Women are brilliant -- they can see the answer to a man’s problems.
We know that his chronic back pain will disappear if he can lead a more active lifestyle, for example taking those long romantic walks with us.
We know his gastritis issues will be a thing of the past if he regularly joined us for our healthy dinners, instead of going out with the boys.
And most importantly, we know that his grouchy mood and cloudy attitude will be a thing of the past if he faithfully stuck to our warm beds.
But despite all this brilliance, women still get into seriously dumb situations.
Take for example: Juma meets Mwajuma, the chemistry is palpable. After a few months of dating, Mwajuma feels that Juma needs a wife. Juma, on the other hand, has not figured this bit yet. In fact, it has not even occurred to him that they are dating. While Mwajuma has edited her contact and now renamed him hubby or bae, Juma’s phone listing for her remains Mwajuma Sinza.
By month four of this relationship, Mwajuma has already moved her basic essentials into Juma’s house – toothbrush, towel, half of her inner wear, clothes and, strangely, a comb. She is blind to the fact that Juma is careful not to leave even his threadbare socks behind when he visits her.
So, she deliberately takes his jacket and keeps it in her closet. She makes a dozen other Delilah moves, including firing his cleaning lady and taking charge of his bachelor pad. Meanwhile, she barely knows his surname. Then she becomes pregnant. This suddenly jolts him out of his stupor. He wants his space. He is not and was never ready for a serious relationship, leave alone a wife and baby; at least not in the near future, he says. She screams murder but he feels caged in, manipulated into something bigger than he ever bargained for.
Choices: From this point, Juma finally takes charge of this situation. It can go a thousand different ways. If he was raised well, he might take responsibility and even hastily, albeit resentfully, arrange to officially make it known that he is now a husband. How that marriage will pan out will be the stuff that thrilling soap operas are made of. There is a responsibility of taking lead in a romantic relationship that we should let the man handle. Period. Stop forcing him, stop manipulating him, and stop taking charge of his life.
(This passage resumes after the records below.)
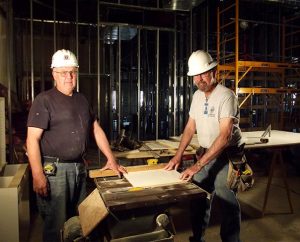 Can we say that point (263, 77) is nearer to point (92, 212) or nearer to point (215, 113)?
point (215, 113)

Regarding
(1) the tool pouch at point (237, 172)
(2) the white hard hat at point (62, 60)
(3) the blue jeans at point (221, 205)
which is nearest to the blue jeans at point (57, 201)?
(2) the white hard hat at point (62, 60)

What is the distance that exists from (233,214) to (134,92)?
8.86 metres

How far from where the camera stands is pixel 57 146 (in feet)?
7.84

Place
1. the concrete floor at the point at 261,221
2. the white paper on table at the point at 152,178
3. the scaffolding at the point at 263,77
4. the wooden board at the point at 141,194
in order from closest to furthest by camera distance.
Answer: the wooden board at the point at 141,194 → the white paper on table at the point at 152,178 → the concrete floor at the point at 261,221 → the scaffolding at the point at 263,77

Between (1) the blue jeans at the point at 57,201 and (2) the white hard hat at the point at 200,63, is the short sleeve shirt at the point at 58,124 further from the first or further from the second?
(2) the white hard hat at the point at 200,63

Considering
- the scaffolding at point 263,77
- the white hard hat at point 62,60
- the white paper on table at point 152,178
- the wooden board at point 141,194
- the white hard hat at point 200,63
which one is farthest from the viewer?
the scaffolding at point 263,77

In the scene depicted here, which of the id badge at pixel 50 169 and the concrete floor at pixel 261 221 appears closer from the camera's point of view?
the id badge at pixel 50 169

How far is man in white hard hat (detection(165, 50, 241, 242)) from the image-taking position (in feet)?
8.44

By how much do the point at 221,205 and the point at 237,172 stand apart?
1.21 ft

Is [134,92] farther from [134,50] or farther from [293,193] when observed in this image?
[293,193]

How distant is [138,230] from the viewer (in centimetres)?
185

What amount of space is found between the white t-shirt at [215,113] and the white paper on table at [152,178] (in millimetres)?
534

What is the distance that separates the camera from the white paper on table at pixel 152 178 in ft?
6.84

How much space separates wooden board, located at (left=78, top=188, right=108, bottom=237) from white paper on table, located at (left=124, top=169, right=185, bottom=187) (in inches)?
12.1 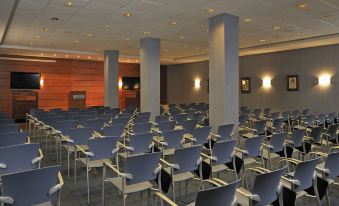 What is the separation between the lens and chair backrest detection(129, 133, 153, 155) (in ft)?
15.1

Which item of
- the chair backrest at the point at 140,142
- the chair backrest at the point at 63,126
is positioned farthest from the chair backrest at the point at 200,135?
the chair backrest at the point at 63,126

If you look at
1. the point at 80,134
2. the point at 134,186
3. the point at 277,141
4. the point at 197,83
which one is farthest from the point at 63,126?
the point at 197,83

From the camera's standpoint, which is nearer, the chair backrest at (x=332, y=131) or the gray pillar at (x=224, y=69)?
the chair backrest at (x=332, y=131)

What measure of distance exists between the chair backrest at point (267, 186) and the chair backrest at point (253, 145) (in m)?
1.53

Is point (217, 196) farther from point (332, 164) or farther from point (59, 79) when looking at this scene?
point (59, 79)

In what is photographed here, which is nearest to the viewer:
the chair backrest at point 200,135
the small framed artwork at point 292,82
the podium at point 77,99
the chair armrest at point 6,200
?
the chair armrest at point 6,200

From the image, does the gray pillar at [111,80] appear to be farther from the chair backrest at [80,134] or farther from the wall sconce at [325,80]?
the wall sconce at [325,80]

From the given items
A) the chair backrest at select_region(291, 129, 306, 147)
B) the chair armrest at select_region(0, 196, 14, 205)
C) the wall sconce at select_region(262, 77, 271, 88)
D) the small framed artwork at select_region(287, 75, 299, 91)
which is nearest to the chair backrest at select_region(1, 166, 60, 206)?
the chair armrest at select_region(0, 196, 14, 205)

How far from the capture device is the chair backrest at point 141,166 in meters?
3.14

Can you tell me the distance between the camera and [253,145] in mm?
4371

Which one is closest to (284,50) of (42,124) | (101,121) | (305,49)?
(305,49)

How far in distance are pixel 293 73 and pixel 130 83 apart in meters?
12.1

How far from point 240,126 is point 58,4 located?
19.7 ft

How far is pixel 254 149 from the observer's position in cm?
441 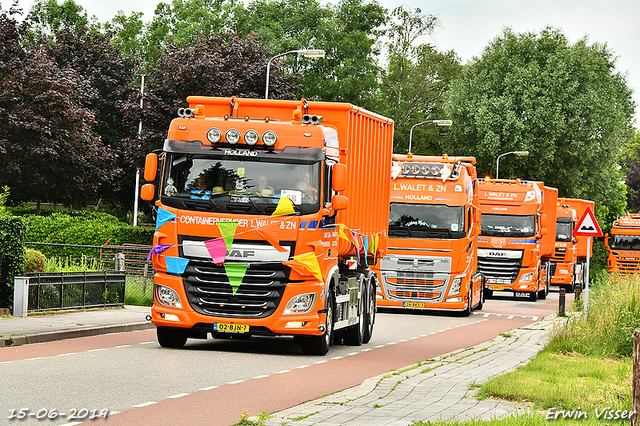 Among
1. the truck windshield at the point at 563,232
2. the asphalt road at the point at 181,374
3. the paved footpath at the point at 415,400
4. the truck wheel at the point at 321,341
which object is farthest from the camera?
the truck windshield at the point at 563,232

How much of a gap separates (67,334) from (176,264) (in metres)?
3.34

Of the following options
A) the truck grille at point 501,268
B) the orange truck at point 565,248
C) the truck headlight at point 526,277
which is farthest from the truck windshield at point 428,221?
the orange truck at point 565,248

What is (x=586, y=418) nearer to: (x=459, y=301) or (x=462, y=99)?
(x=459, y=301)

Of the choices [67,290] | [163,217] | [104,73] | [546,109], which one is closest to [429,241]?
[67,290]

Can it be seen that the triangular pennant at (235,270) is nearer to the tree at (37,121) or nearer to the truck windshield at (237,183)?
the truck windshield at (237,183)

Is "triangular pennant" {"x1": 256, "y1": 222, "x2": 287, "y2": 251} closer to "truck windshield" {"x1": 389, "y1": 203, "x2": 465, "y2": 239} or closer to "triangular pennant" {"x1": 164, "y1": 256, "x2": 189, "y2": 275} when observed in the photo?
"triangular pennant" {"x1": 164, "y1": 256, "x2": 189, "y2": 275}

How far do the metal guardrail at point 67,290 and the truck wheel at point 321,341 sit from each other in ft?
20.3

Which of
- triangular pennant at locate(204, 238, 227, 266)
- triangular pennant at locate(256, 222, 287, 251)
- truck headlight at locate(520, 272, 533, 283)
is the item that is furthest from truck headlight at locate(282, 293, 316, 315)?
truck headlight at locate(520, 272, 533, 283)

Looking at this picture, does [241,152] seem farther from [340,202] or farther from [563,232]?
[563,232]

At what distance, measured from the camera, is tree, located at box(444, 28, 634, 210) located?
56.3 metres

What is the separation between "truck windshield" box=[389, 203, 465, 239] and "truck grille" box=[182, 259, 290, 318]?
11682mm

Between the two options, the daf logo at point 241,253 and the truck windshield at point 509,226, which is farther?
the truck windshield at point 509,226

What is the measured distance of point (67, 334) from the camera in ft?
53.6

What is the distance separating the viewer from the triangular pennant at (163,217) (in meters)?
14.1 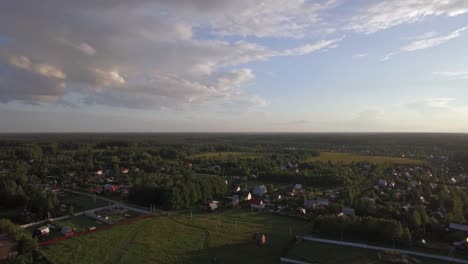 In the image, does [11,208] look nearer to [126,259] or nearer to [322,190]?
[126,259]

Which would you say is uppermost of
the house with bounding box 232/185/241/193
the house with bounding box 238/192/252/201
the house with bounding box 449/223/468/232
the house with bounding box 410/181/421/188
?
the house with bounding box 410/181/421/188

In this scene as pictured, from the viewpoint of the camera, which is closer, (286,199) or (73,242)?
(73,242)

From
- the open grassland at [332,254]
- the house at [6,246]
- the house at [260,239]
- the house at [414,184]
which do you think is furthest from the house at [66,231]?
the house at [414,184]

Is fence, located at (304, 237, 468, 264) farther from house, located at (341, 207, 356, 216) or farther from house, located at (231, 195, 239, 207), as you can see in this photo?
house, located at (231, 195, 239, 207)


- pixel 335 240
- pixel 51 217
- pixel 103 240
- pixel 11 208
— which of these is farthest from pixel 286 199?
pixel 11 208

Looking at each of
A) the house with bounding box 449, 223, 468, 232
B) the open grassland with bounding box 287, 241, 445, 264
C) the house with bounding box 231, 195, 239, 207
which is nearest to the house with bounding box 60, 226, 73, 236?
the house with bounding box 231, 195, 239, 207

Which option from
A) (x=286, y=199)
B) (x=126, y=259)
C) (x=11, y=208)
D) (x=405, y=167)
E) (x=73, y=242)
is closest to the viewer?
(x=126, y=259) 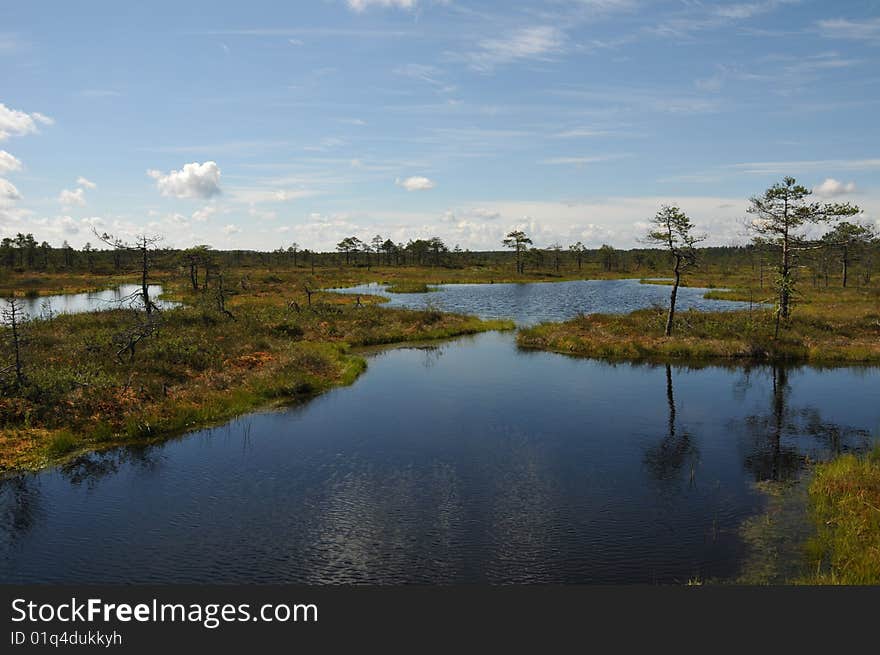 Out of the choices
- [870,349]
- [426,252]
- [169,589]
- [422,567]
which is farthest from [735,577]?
[426,252]

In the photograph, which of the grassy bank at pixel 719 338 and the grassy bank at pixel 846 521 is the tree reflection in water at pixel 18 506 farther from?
the grassy bank at pixel 719 338

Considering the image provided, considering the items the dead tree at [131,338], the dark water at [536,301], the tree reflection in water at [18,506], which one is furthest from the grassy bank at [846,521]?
the dark water at [536,301]

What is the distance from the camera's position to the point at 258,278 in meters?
109

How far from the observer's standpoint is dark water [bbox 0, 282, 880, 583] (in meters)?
14.6

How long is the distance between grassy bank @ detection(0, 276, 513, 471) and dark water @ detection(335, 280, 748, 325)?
22.1 metres

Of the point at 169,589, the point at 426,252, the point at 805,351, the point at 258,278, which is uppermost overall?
the point at 426,252

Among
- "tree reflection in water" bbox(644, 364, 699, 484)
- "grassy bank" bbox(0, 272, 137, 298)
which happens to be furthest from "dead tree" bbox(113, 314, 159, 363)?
"grassy bank" bbox(0, 272, 137, 298)

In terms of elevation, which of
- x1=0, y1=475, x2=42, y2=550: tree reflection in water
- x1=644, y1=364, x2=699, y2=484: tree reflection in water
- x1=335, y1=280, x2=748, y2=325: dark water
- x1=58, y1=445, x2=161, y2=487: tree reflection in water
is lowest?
x1=0, y1=475, x2=42, y2=550: tree reflection in water

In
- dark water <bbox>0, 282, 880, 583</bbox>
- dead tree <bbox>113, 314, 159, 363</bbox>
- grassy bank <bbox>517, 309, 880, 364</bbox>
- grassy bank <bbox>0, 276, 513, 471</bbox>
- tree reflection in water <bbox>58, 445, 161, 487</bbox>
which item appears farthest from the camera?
grassy bank <bbox>517, 309, 880, 364</bbox>

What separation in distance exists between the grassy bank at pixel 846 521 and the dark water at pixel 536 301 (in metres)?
43.5

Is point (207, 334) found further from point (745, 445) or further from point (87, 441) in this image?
point (745, 445)

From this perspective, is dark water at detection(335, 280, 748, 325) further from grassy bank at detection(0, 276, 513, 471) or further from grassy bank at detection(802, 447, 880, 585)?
grassy bank at detection(802, 447, 880, 585)

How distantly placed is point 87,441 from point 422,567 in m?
17.8

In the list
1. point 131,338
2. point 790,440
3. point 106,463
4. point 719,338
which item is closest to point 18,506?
point 106,463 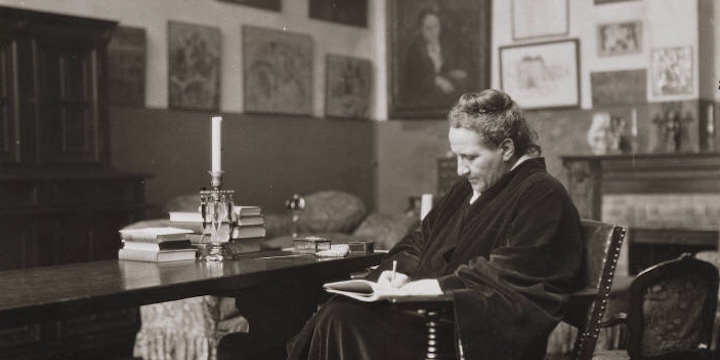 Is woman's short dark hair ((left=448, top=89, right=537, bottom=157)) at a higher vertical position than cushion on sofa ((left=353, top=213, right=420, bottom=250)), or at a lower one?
higher

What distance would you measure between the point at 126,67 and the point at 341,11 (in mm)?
3409

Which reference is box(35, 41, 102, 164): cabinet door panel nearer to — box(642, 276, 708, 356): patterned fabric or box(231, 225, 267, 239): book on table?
box(231, 225, 267, 239): book on table

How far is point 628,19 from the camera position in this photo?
31.8 ft

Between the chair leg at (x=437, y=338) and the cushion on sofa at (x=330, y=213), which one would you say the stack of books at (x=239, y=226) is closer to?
the chair leg at (x=437, y=338)

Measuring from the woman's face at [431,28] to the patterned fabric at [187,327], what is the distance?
596 cm

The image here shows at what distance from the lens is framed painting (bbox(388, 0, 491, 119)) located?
428 inches

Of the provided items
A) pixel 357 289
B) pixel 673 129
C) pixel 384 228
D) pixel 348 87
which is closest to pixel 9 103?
pixel 384 228

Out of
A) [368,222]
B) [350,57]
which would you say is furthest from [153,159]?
[350,57]

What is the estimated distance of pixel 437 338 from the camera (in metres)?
3.25

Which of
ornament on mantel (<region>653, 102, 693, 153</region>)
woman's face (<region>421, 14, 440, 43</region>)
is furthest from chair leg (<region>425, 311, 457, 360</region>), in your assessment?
woman's face (<region>421, 14, 440, 43</region>)

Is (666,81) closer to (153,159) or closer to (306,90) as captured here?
(306,90)

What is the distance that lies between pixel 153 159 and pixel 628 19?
5106 mm

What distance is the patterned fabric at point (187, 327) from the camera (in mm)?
5844

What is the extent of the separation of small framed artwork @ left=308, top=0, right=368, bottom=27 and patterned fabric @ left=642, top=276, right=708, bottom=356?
7.31m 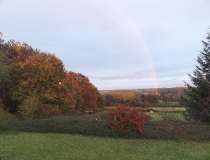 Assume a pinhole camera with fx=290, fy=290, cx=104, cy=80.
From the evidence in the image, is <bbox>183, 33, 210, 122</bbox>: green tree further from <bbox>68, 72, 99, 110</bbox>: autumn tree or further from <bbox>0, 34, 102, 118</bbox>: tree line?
<bbox>68, 72, 99, 110</bbox>: autumn tree

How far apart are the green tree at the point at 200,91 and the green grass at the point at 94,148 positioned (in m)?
5.65

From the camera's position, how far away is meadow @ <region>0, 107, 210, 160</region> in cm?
1274

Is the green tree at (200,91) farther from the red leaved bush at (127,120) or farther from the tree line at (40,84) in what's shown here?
the tree line at (40,84)

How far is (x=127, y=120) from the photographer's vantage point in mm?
17875

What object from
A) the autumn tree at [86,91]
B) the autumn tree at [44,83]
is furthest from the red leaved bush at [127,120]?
the autumn tree at [86,91]

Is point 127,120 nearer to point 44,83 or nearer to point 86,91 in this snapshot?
point 44,83

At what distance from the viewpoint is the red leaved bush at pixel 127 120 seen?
17.6 metres

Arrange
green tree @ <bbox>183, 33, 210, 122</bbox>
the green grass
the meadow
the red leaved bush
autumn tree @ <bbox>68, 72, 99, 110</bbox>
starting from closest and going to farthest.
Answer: the green grass
the meadow
the red leaved bush
green tree @ <bbox>183, 33, 210, 122</bbox>
autumn tree @ <bbox>68, 72, 99, 110</bbox>

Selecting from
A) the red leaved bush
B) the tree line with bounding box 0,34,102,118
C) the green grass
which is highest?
the tree line with bounding box 0,34,102,118

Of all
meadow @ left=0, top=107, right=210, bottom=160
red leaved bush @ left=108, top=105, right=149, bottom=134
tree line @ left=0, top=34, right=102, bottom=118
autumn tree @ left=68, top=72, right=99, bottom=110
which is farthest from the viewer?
autumn tree @ left=68, top=72, right=99, bottom=110

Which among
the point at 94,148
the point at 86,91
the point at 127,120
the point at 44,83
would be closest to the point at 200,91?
the point at 127,120

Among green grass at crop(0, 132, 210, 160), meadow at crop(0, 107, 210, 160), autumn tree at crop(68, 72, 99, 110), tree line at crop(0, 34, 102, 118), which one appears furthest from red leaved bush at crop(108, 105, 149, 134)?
autumn tree at crop(68, 72, 99, 110)

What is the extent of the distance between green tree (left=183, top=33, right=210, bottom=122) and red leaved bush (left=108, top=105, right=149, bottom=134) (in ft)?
17.1

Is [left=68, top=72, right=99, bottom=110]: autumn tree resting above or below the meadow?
above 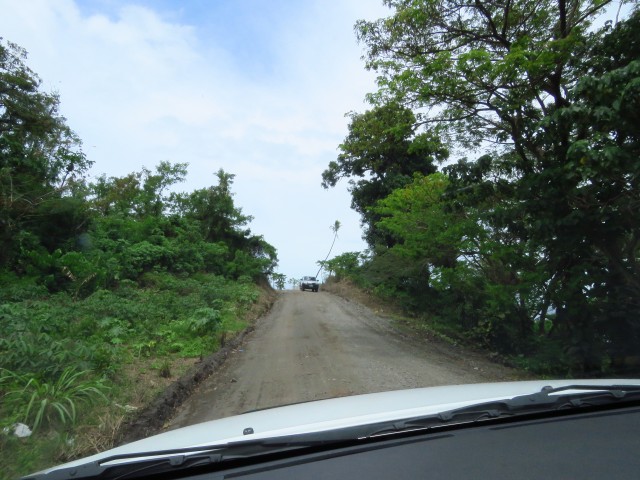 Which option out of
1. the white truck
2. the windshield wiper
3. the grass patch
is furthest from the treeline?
the white truck

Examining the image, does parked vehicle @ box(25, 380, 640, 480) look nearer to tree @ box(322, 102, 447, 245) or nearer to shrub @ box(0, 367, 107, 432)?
shrub @ box(0, 367, 107, 432)

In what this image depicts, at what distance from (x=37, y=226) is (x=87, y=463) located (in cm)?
1907

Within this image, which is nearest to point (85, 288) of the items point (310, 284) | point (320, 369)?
point (320, 369)

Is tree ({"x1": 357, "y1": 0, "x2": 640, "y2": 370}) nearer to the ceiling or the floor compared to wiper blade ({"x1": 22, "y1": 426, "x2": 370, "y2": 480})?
nearer to the ceiling

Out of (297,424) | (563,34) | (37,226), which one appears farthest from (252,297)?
(297,424)

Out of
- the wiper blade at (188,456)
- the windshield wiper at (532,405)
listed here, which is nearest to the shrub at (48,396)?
the wiper blade at (188,456)

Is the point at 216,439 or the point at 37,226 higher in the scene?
the point at 37,226

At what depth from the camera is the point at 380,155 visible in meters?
23.3

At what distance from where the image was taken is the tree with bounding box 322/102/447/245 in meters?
13.4

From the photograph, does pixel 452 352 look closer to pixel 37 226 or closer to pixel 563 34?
pixel 563 34

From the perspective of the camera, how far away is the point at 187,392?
7.95 meters

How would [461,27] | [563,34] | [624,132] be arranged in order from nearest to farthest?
[624,132] → [563,34] → [461,27]

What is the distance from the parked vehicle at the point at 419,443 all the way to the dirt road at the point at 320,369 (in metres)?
4.00

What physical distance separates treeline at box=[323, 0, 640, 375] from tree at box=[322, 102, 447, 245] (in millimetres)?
81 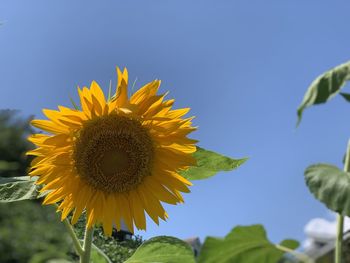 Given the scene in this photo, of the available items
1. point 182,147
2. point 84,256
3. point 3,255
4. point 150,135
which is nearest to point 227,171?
point 182,147

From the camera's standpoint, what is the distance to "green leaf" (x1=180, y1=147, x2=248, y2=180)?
1.31 m

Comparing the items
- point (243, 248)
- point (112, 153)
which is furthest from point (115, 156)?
point (243, 248)

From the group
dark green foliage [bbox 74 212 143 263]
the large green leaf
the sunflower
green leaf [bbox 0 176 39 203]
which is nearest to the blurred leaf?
the sunflower

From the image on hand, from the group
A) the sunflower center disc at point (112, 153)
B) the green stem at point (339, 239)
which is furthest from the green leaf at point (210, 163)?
the green stem at point (339, 239)

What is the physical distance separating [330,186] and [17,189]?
711mm

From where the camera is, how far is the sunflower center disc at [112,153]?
144 cm

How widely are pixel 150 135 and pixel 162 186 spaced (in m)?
0.13

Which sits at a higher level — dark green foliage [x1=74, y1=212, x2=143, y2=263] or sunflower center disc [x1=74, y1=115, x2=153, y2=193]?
sunflower center disc [x1=74, y1=115, x2=153, y2=193]

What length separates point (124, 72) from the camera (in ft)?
4.39

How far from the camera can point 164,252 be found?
4.18 feet

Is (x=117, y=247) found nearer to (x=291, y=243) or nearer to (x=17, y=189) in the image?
(x=17, y=189)

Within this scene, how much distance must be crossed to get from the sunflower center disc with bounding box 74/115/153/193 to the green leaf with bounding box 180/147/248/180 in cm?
17

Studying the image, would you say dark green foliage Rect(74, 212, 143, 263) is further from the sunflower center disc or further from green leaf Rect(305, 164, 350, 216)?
green leaf Rect(305, 164, 350, 216)

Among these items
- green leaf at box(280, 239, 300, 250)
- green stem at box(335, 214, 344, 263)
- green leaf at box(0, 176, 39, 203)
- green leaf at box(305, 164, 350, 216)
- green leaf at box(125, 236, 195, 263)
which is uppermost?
green leaf at box(305, 164, 350, 216) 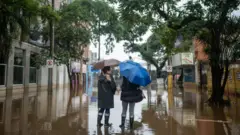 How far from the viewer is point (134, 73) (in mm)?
6707

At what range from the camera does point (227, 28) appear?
40.4ft

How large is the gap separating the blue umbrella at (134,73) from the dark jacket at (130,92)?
27cm

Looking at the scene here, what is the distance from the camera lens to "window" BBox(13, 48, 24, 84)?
19547 millimetres

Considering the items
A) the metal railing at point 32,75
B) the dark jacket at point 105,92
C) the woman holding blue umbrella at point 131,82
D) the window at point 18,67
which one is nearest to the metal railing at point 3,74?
the window at point 18,67

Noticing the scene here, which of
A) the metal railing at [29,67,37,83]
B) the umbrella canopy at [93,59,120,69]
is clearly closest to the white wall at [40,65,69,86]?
the metal railing at [29,67,37,83]

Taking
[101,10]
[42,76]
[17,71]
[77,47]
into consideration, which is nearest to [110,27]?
[101,10]

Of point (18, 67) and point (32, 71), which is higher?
point (18, 67)

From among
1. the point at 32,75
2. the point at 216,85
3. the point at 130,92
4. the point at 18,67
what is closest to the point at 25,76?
the point at 18,67

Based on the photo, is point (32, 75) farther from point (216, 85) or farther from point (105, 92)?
point (105, 92)

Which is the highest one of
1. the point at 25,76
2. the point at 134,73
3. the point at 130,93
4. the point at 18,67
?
the point at 18,67

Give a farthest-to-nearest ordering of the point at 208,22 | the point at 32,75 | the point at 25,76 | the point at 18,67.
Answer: the point at 32,75 → the point at 25,76 → the point at 18,67 → the point at 208,22

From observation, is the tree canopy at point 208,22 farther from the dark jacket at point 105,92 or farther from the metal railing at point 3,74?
the metal railing at point 3,74

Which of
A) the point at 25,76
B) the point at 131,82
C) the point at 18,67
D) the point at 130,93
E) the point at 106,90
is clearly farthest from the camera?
the point at 25,76

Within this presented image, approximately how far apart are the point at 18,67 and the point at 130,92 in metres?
15.6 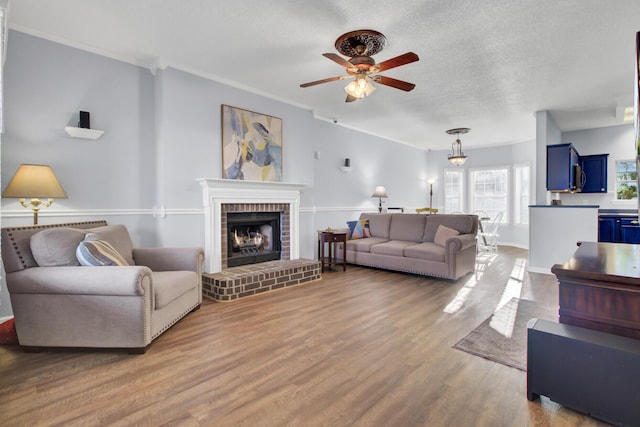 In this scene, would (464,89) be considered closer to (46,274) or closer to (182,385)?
(182,385)

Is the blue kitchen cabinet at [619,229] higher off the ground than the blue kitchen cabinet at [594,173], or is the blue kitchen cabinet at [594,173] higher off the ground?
the blue kitchen cabinet at [594,173]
If he can’t manage his diet, morals and dishes, what makes you think that he can take care of a wife and children? A responsible man will make his intentions clear and follow them with clear and definite actions, such as introducing you to his mother and setting a date to meet your father. He will also be careful about who moves into his space. And most definitely, he will be the one who makes the decision of when and who to ask for their hand in marriage. When you pack and move in with Juma and start calling him your husband, soon enough you will be seeking help from social media. Rushing a man to make a marriage commitment to you only leads to heartbreak. As women, we have the unfortunate propensity to do what the Swahili call shida za kujiletea (looking for problems). We walk into a problem with our eyes wide open.